Four-and-a-half years later I had the pleasure of tacking up on my wall a little piece of paper from Temple University that had my name smack dab in the middle of it. I was a bonafide ‘journo’, but I was only working part-time at a radio station – it was not planned to be that way, but that is another different and stranger story – so one day I just walked into the Phoenix newspaper building and offered my services as an unpaid intern (it was 2009, and no one seemed to be hiring) to get my foot in the door with then editor Leanne Petite. Happy to have me on board, she quickly tasked me with general assignment reporting.

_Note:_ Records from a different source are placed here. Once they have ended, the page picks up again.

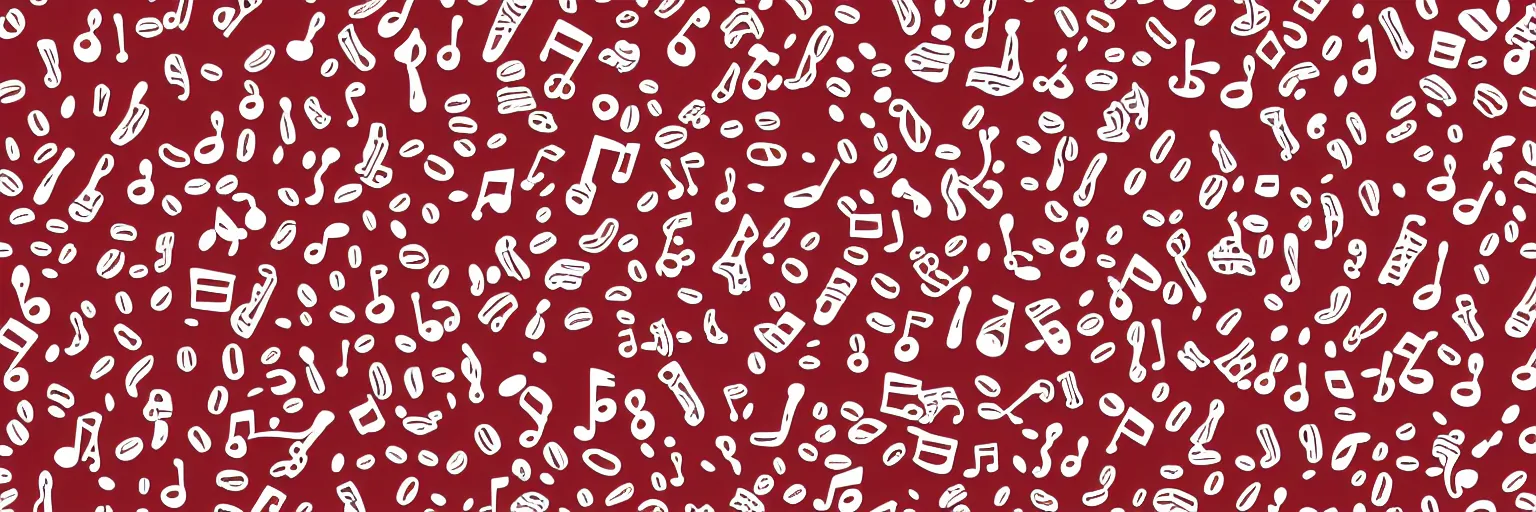 Image similar to seamless pattern design, coffee and musical notes, simple, red and white,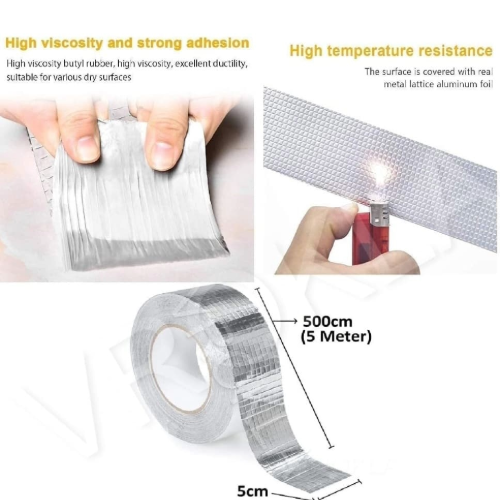 Super Strong Sealing Adhesive Waterproof Tape - Aluminium Foil Tape, Pipe Leakage, Surface Crack 5Cmx5Cm - Silver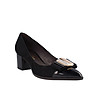 Черни дамски велурени обувки на ток Noelle-0 снимка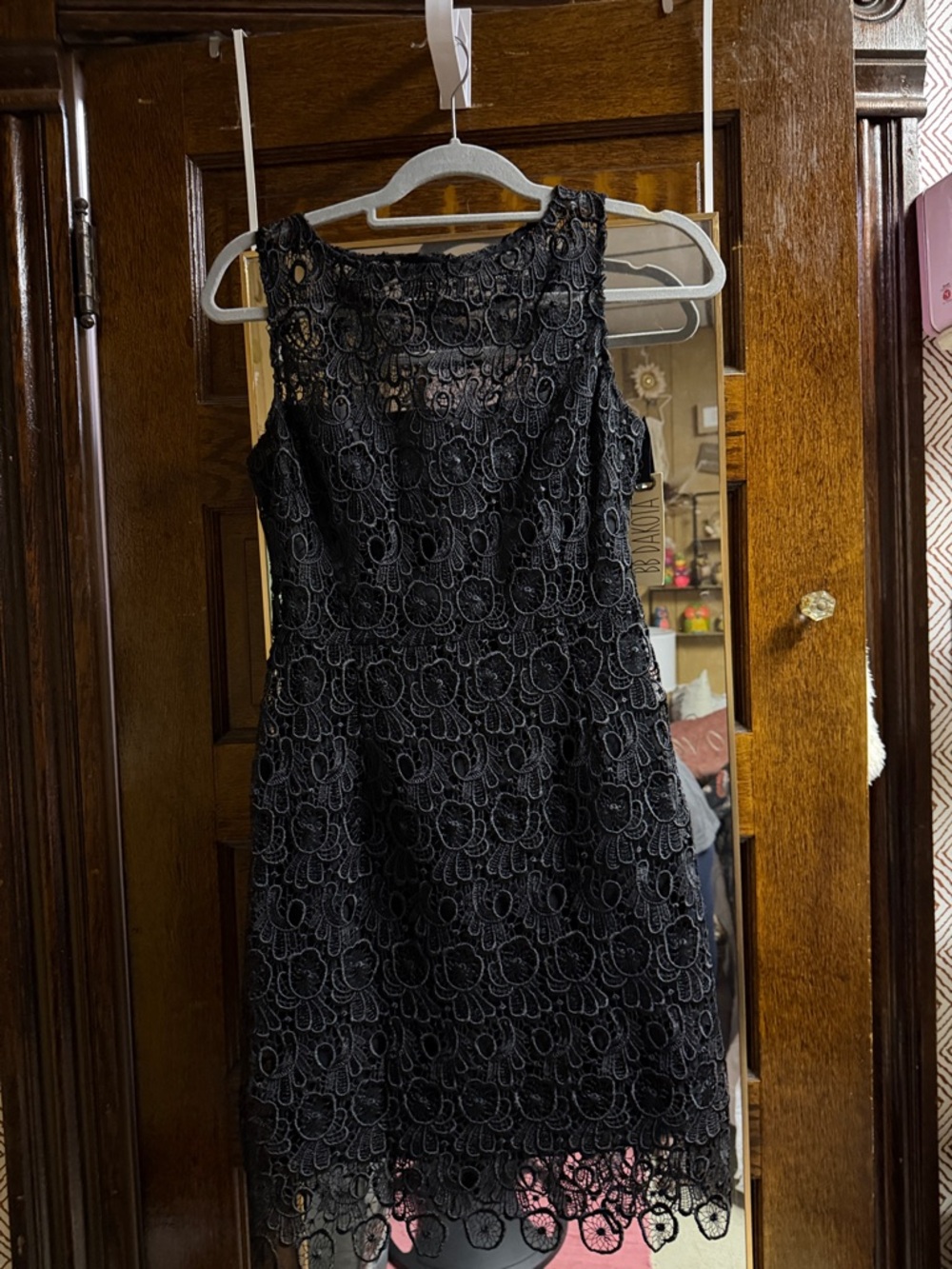 BB Dakota Black Lace Midi Dress with Scalloped Hem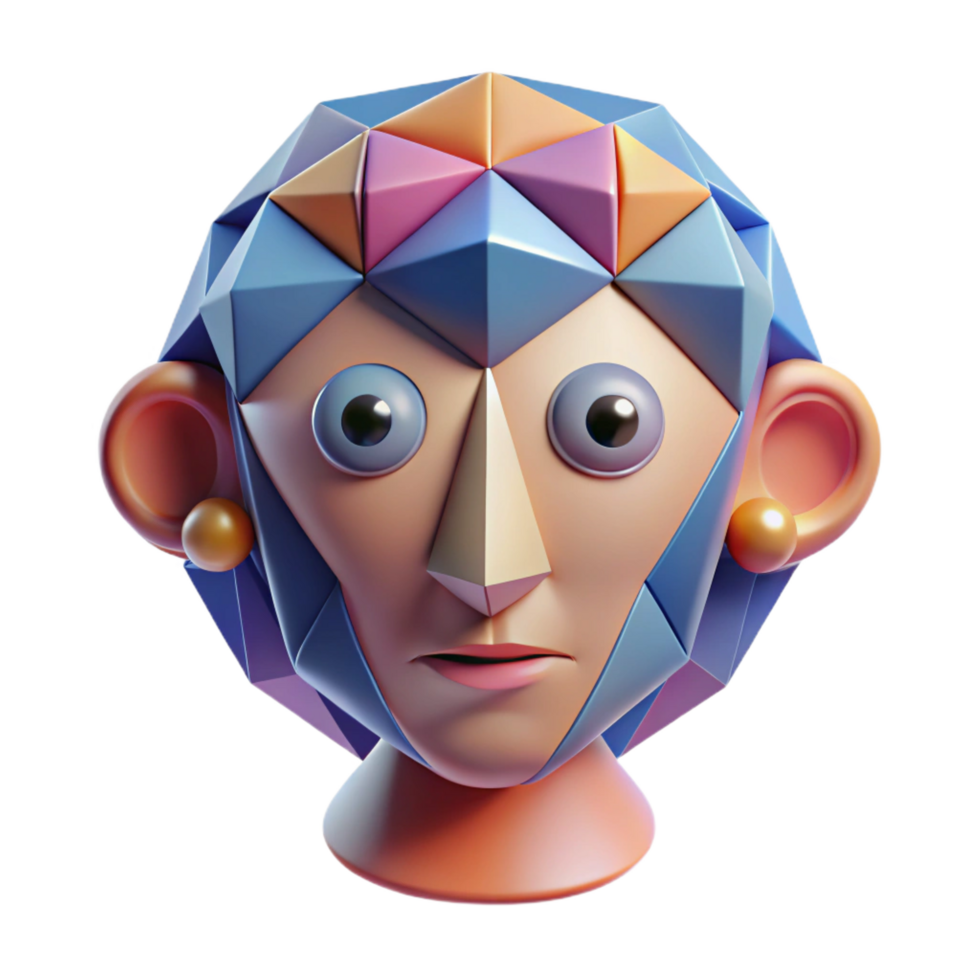extraordinary artistic Abstract face with geometric shapes, genuine png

Within a few months I was taken on as a freelance correspondent for both The Phoenix and the Tri County Record in Morgantown, PA. It was a few months later that I was offered the position of Editor of the Tri County Record. I happily accepted the job and dove right into the great communities which constitute its coverage area. Three years passed from that point to when my friend and colleague Heather Tyrrell announced that she would be stepping down as Editor of the recently revamped Phoenix Reporter & Item, and I knew right away that I was going to try and convince my bosses that I was the right person to pick up where she had left off. Had it been any other newspaper, I likely would not have budged, but I grew up in Phoenixville and I know a fair amount about nearly all of the places that the former Item and Reporter papers covered. If you look at my shift from the Tri County Record to the Phoenix Reporter & Item ‘on paper’ it is more or less a lateral move, but for me it is a giant step forward because it is a return to my roots.
Well, that’s my story, for what it’s worth, and now it is time for me to wrap it up and move ahead with telling the stories of the Phoenix Reporter & Item community. I am fortunate to have a very talented group of co-workers and freelance journalists to work alongside of, and together we will strive to keep each and every reader informed and entertained whether they read the paper or click their way through PhoenixvilleNews.com.